Antecipar um "choque de investimento" faz sentido numa altura em que
se espera o lançamento do Plano Juncker. Mas se falarmos com os bancos o
que nos dizem é que não é oferta de crédito que falta, incluindo a mais
barata e de longo prazo, como a disponibilizada pelas linhas do BEI. O
que falta, dizem, são projectos que prometam ser rentáveis, propostos
por empresas que não estejam para lá de sobreendividadas. Acreditar que
esta situação possa ser invertida no espaço de meses exige muita fé.
Como escreve o Negócios,
a quantificação das medidas dos economistas do PS, designadamente em
relação ao custo da reposição dos salários da Função Pública, da descida
da TSU, da abolição da sobretaxa de IRS, da redução do IVA para a
restauração e da arrecadação de receita com o regresso do imposto
sucessório, também já teve versões diferentes em dois dias e não bate
certo com os cálculos do Governo. No total, o cenário desenhado pelo PS
estima um impacto orçamental negativo de 460 milhões de euros em 2016,
quando os valores originais apresentados pelos doze peritos do PS
pareciam apontar para uma estimativa quase mil milhões de euros mais
elevada.
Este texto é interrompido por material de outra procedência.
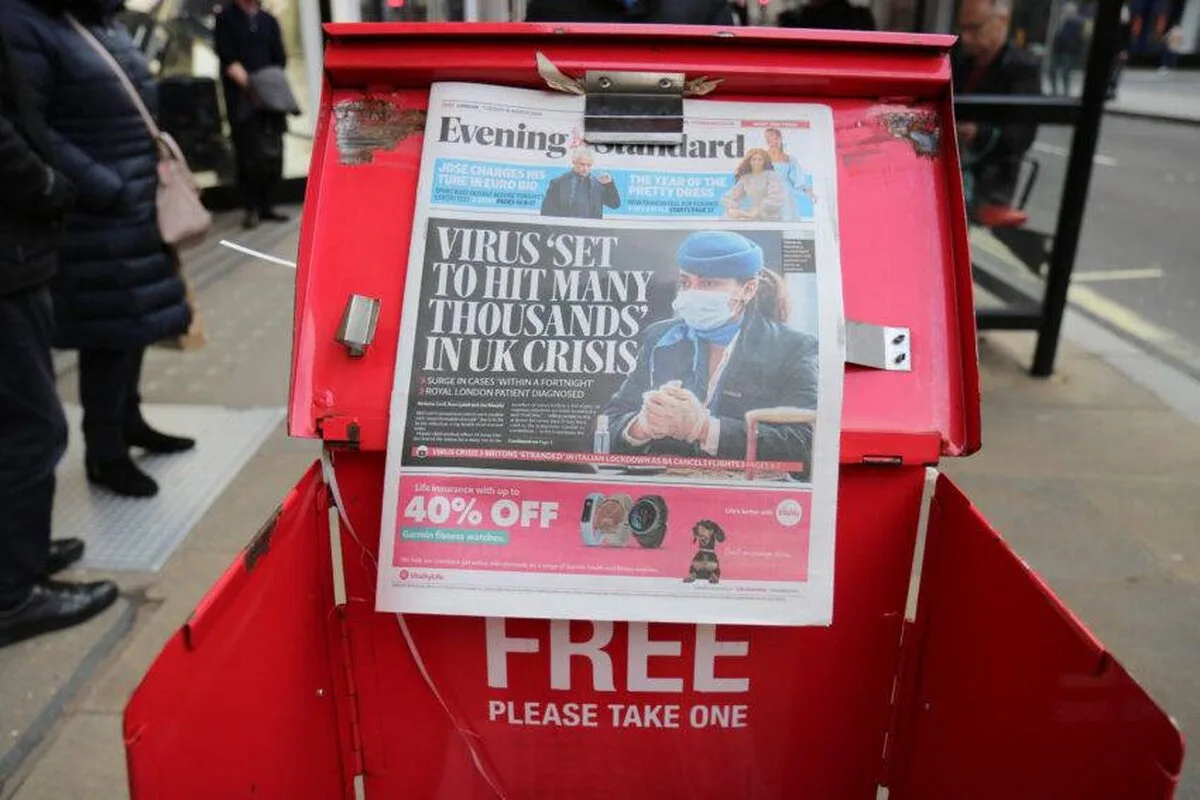 Evening Standard renunță la ziarul tipărit zilnic, acuzând munca de acasă pentru dispariție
Parte da diferença pode ser explicada por uns usarem os efeitos
líquidos e outros os brutos das medidas. Mas o risco de o plano
socialista prever despesa certa compensada com receita mais do que
incerta é real.
Ainda assim, faça-se justiça: o programa Varoufakis prevê gastar mais
1,1 mil milhões de euros enquanto arrecada seis mil milhões de euros de
receitas adicionais neste ano, através de 24 novas medidas em que
metade se resume a uma lista de sinónimos de "combate à evasão fiscal". À
falta de vocábulos alternativos para dizer o mesmo, uma delas dá-se
pelo nome de "iniciativas para aumentar a receita", vale uns módicos 450
milhões de euros e fornece uma boa pista para compreender porque,
passados três meses de novo Governo, persiste o desacordo entre Atenas e
quem a financia.
Em grau muitíssimo mais contido do que no caso grego, também o plano
socialista espera borlas da Europa na interpretação do Pacto de
Estabilidade, ao assumir que poderá ser aceite como "reforma estrutural"
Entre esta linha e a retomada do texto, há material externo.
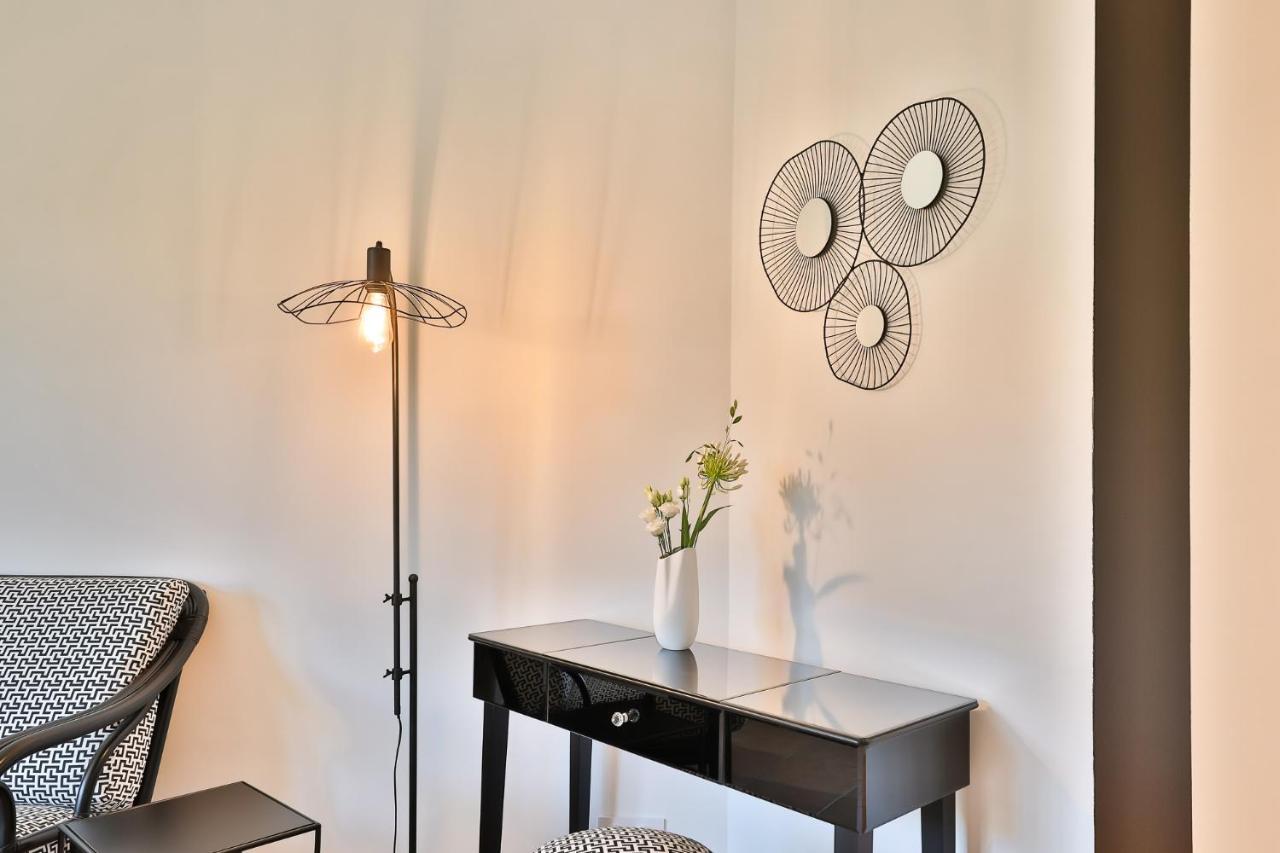 Quintessence Provence Bed & Breakfast กูต์ ภายนอก รูปภาพ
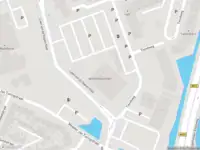 Politie met grote spoed naar de Laan van de Glazen Stad in Naaldwijk vanwege ongeval met letsel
– e, logo, passível de não contar para a observância dos limites e
ritmo de redução do défice - uma descida na TSU que, no caso dos
trabalhadores, será temporária para antecipar rendimento a troco de
pensões mais curtas para quem se reforme a partir da legislatura
seguinte. Por esta via, contribuições e pensões futuras serão mais
baixas, mas não necessariamente mais adequadas para garantir maior
sustentabilidade ao sistema - e, só em 2014, o Orçamento do Estado
transferiu mais de 1,2 mil milhões de euros para tapar o défice da
Segurança Social. É até provável que Bruxelas resista a uma estratégia
que passa por antecipar rendimentos para impulsionar a procura,
quando pela frente se pressente uma quase estagnação secular que tornará
avisado que se faça precisamente o contrário.
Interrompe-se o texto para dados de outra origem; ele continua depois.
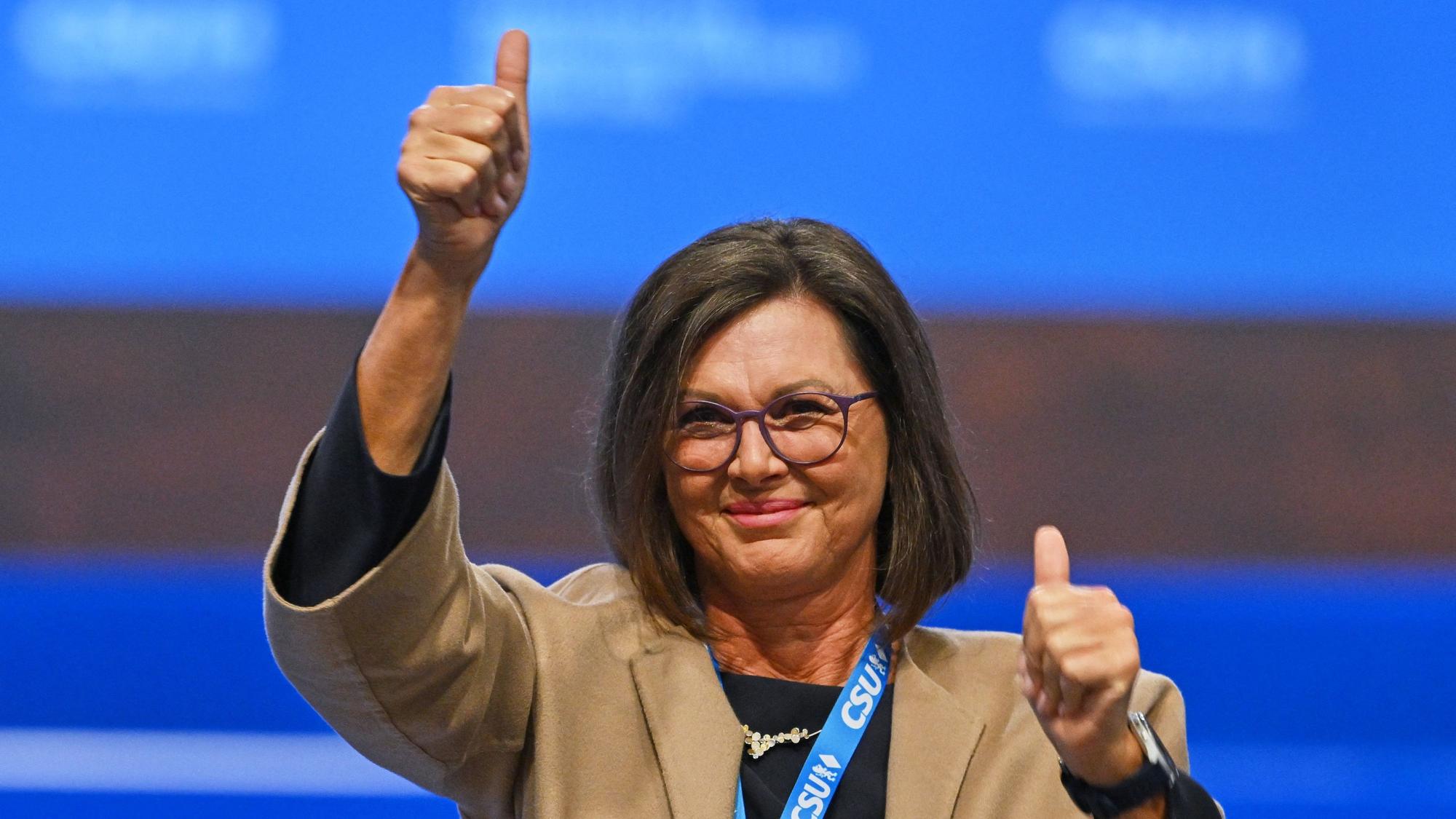 Daumen hoch für mich: Ilse Aigner beim CSU-Parteitag.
Em matéria de pensões, onde economistas do PS são cristalinos é na
conclusão de que devem ser a actual e futuras gerações de
trabalhadores a descontar mais tempo para receber menos, enquanto
se respeita na íntegra as pensões em pagamento. Com cerca de
dois milhões de reformados e pensionistas, cujo voto será decisivo na
escolha dos governos nas próximas décadas, estas propostas - e este país
- estará mesmo para os mais velhos.
O que parece ser estrutural – porque se quer perene – é a intenção
dos economistas do PS de reduzir os custos do trabalho para as empresas
que contratam sem prazo, através da redução da TSU a cargo da entidade
patronal. Essa é uma intenção que será bem-vinda na Europa, onde há
largos anos se prega que a carga fiscal sobre o trabalho deve ser
prioritariamente reduzida. A cartilha de Bruxelas sugere, porém, que
isso deva ser feito de forma orçamentalmente neutra – não à custa de se
fechar os olhos às regras de disciplina do euro.
Por último, não é difícil antecipar que a boa-vontade em Bruxelas
possa ser mais reduzida caso um Governo de um país recém-saído dos
cuidados intensivos da troika lhe apresente uma trajectória de
consolidação orçamental mais lenta, com mais dívida, na expectativa de
que o denominador, o PIB, tape os buracos.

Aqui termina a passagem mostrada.